The Claimant also relied on the Wetherspoon judgment but in arguing that that the judicial approach to fact evidence is in fact flexible, with Sir Terrence Etherton noting that “these rules as to witness statements and their contents are not rigid statutes. It is conceivable that in particular circumstances they may properly be relaxed in order to achieve the overriding objective in CPR r 1 of dealing with cases justly”. In response, the Defendant counter-argued that the authorities including Wetherspoon all pre-dated the new Practice Direction and must be read in the light of it.


The Defendant’s application was dismissed. The Judge concluded that, whilst the imputed evidence could well turn out to be “self-serving or unreliable, particularly if not supported by documents”, it was nevertheless admissible. It was “either itself factual evidence or evidence of opinion given by those with knowledge of the facts and by reference to the factual evidence which they each give”.

Further, the evidence did not seek to circumvent the absence of any expert evidence (as in Buckingham) but rather facilitated the independent expert evidence. This was in circumstances where there is in fact no blanket rule prohibiting factual witnesses from giving opinion evidence. The Judge summarised the principles that can be derived from the authorities on this point, as follows:

  1. Witnesses of fact may be permitted to give opinion evidence where it is related to their factual evidence (for example, if they have relevant industry knowledge or experience); see Multiplex Construction (UK) Limited v Cleveland Bridge UK Limited [2008] EWHC 2220.
  2. Witnesses of fact may give opinion evidence where it concerns what may have happened in a counterfactual situation; see Rogers v Hoyle [2015] Q.B. 265.
  3. The above exceptions are even more important where the Court is seeking to quantify loss (as in this case) which necessarily involves a hypothetical exercise which may necessitate the relaxation of the rules of evidence; see Parabola Investments Ltd v Browallia Cal Ltd [2011] QB 477.

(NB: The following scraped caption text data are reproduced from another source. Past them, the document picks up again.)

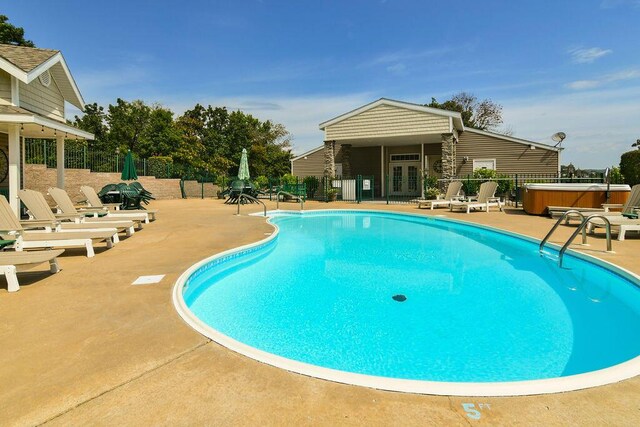 1007 Rocky Shore Ter, Kimberling City, MO 65686 - community pool with fence, french doors, a hot tub, and a patio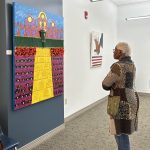 Side view of a person standing and looking at art on the wall in a gallery
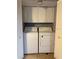 Enclosed laundry room with washer, dryer, and overhead storage at 7601 W Deleon Ct, Tampa, FL 33615
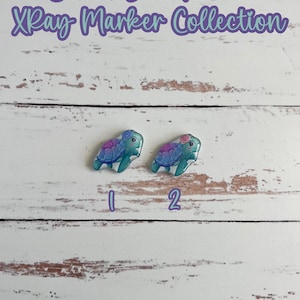 May include: Two sea turtle shaped X-ray markers with purple flowers on their heads. The markers are on a white wooden background. The text "Cutest Sea Turtles X-ray Marker Collection" is at the top of the image. The text "add pixie glitter, no extra charge" is at the bottom of the image.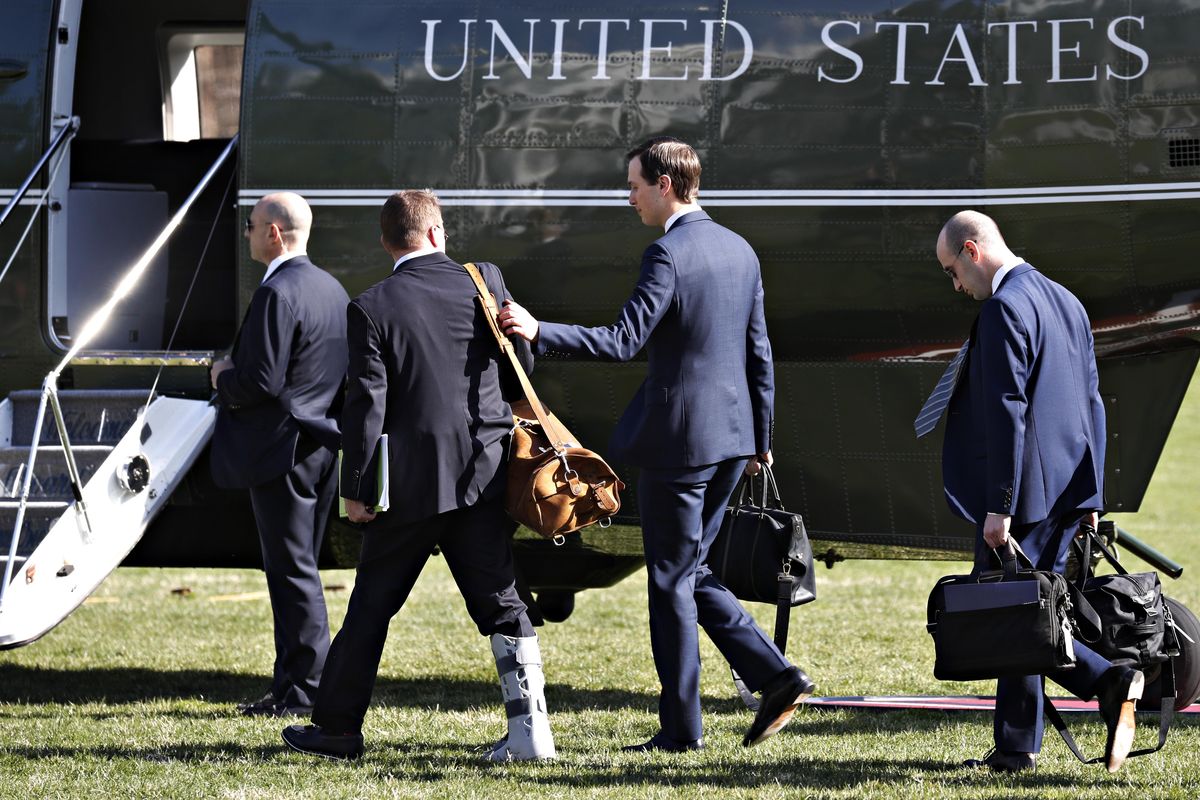 White House acting Chief of Staff Mick Mulvaney, left, walks with White House senior adviser Jared Kushner, and White House senior adviser Stephen Miller, to board the Marine One helicopter on the South Lawn of the White House, Thursday March 28, 2019, in Washington, to travel with President Donald Trump en route to Michigan, where Trump was slated to speak at a rally in Michigan before spending the weekend at his Mar-a-Lago estate in Florida. (Jacquelyn Martin / AP)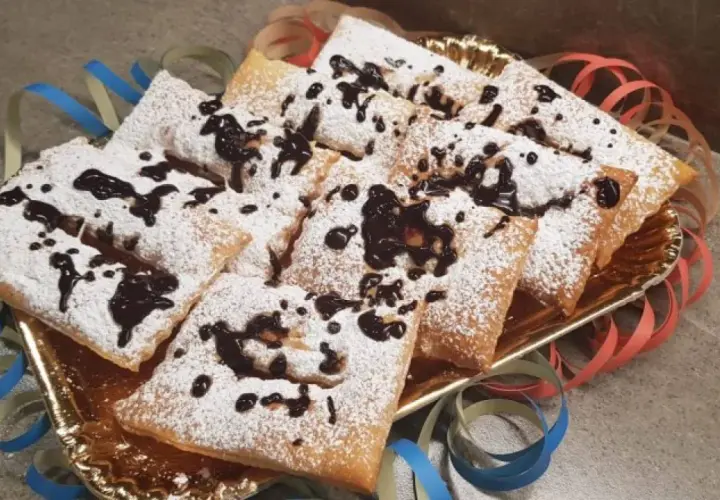 Chiacchiere morbide cosparse di zucchero a velo e gocce di cioccolato, pronte per festeggiare il Carnevale.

Finally, as to the relevance of the PD, the Judge concluded that it is invaluable in “addressing the waste of costs incurred by the provision of absurdly lengthy witness statements merely reciting the contents of the documentary disclosure and commenting on it” but concluded that “it was not in my judgment intended to affect the issue of admissibility”. In any event, the PD permitted the evidence in question as it was of the type that the witnesses would have been permitted to give in examination in chief given the authorities noted above.


The Judgment highlights that despite the recent introduction of the PD which notes that factual witnesses should only deal with matters of fact of which they have direct knowledge, witnesses of fact can, in limited circumstances, give what could be deemed to be opinion evidence ordinarily outside the remit of fact witnesses. In addition, the Judgment helpfully clarifies that the new PD does not affect the rules of admissibility of evidence, and existing authorities in the area are not impacted by the introduction of the PD.

Nevertheless, the PD does give the Business & Property Courts wide discretion to strike out all or parts of witness statements that do not comply with its requirements, so it is important that legal representatives ensure compliance with its terms. Where this discretion is exercised, parties are likely to suffer serious evidential and costs consequences.